● **PROBLEM REQUIREMENTS**:
Repeat the data as given. Images do not go in the copy.

● **DATA PROVIDED**:
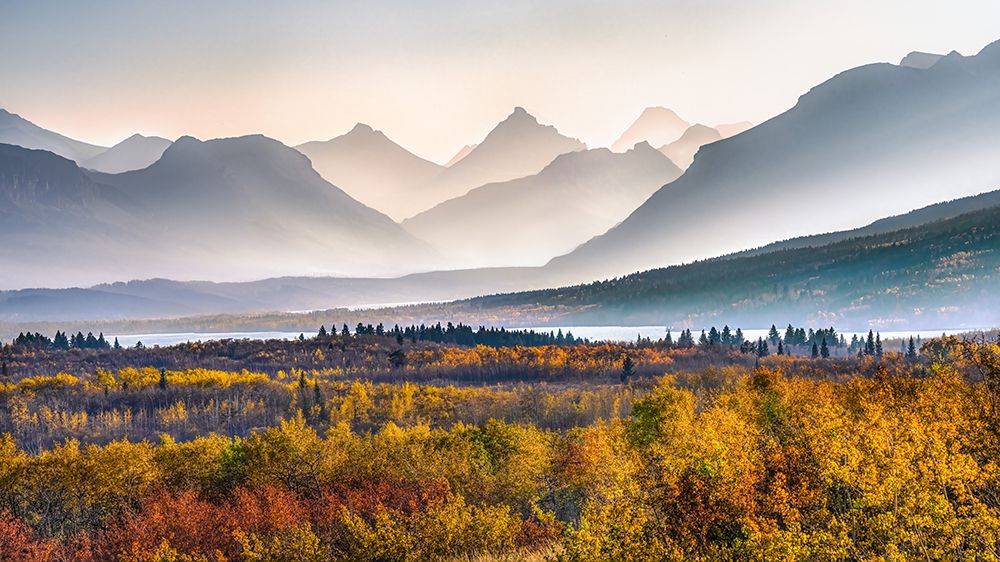 Autumn Mountain In Glacier Park art print by Ti Wang for $57.95 CAD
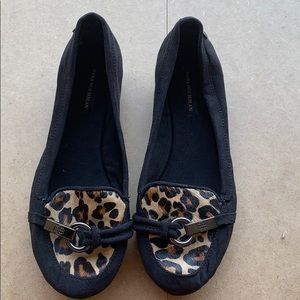 Brand new black and Leopard  loafers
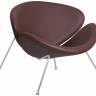 Кресло дизайнерское DOBRIN EMILY, коричневый винил YP5, хромированная сталь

● **ANSWER BOX**:
 Autumn Mountain In Glacier Park art print by Ti Wang for $57.95 CAD
 Brand new black and Leopard  loafers
 Кресло дизайнерское DOBRIN EMILY, коричневый винил YP5, хромированная сталь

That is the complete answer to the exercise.